• _RECORDS_
▽

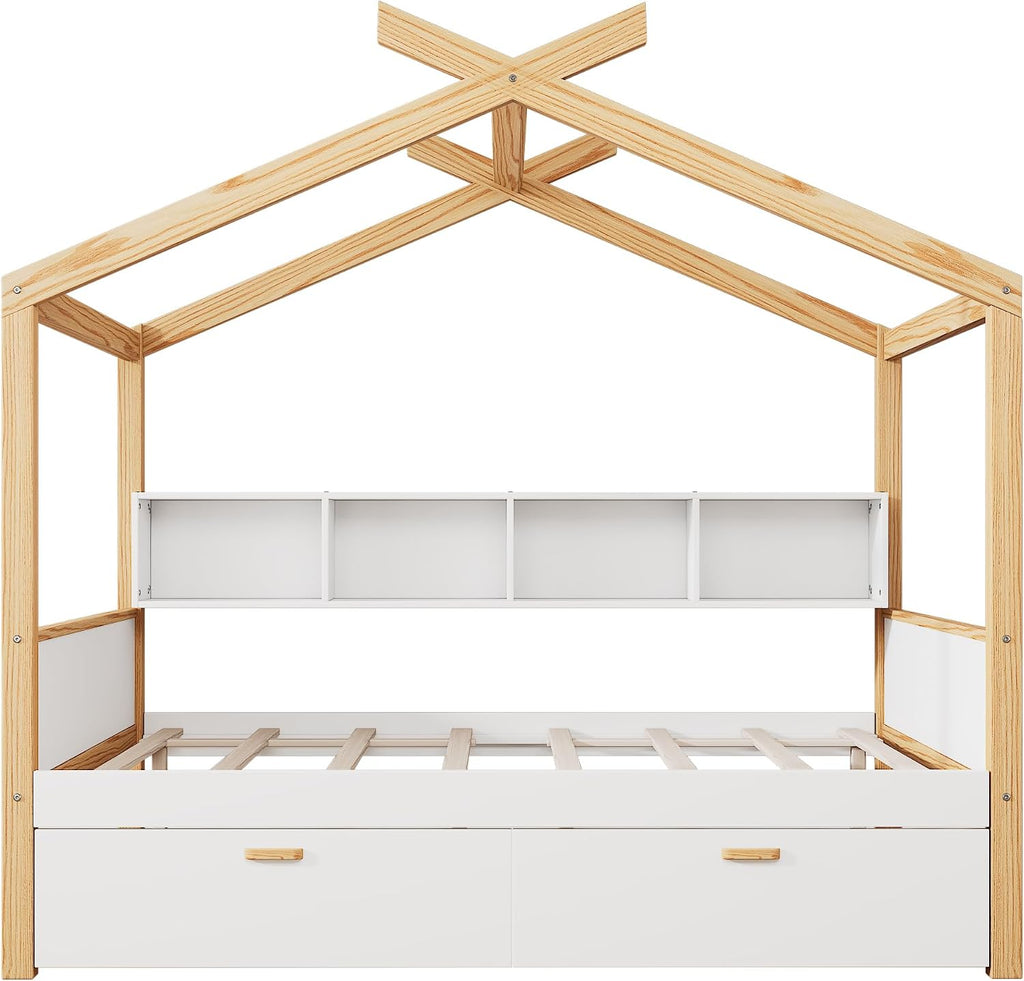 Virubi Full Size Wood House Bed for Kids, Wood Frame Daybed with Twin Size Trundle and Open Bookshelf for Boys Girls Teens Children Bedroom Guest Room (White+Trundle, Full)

△
▽

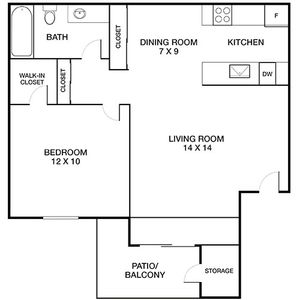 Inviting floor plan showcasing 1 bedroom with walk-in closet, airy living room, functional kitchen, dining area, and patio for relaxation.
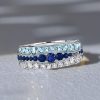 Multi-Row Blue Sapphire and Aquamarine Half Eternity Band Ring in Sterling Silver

△

• _DIRECTIONS_
Leaving pictures out, output the lines of the data above from the one with "Inviting floor plan" through the one with "Multi-Row Blue Sapphire", word for word.

• _RESULT OF THIS EXERCISE_
 Inviting floor plan showcasing 1 bedroom with walk-in closet, airy living room, functional kitchen, dining area, and patio for relaxation.
 Multi-Row Blue Sapphire and Aquamarine Half Eternity Band Ring in Sterling Silver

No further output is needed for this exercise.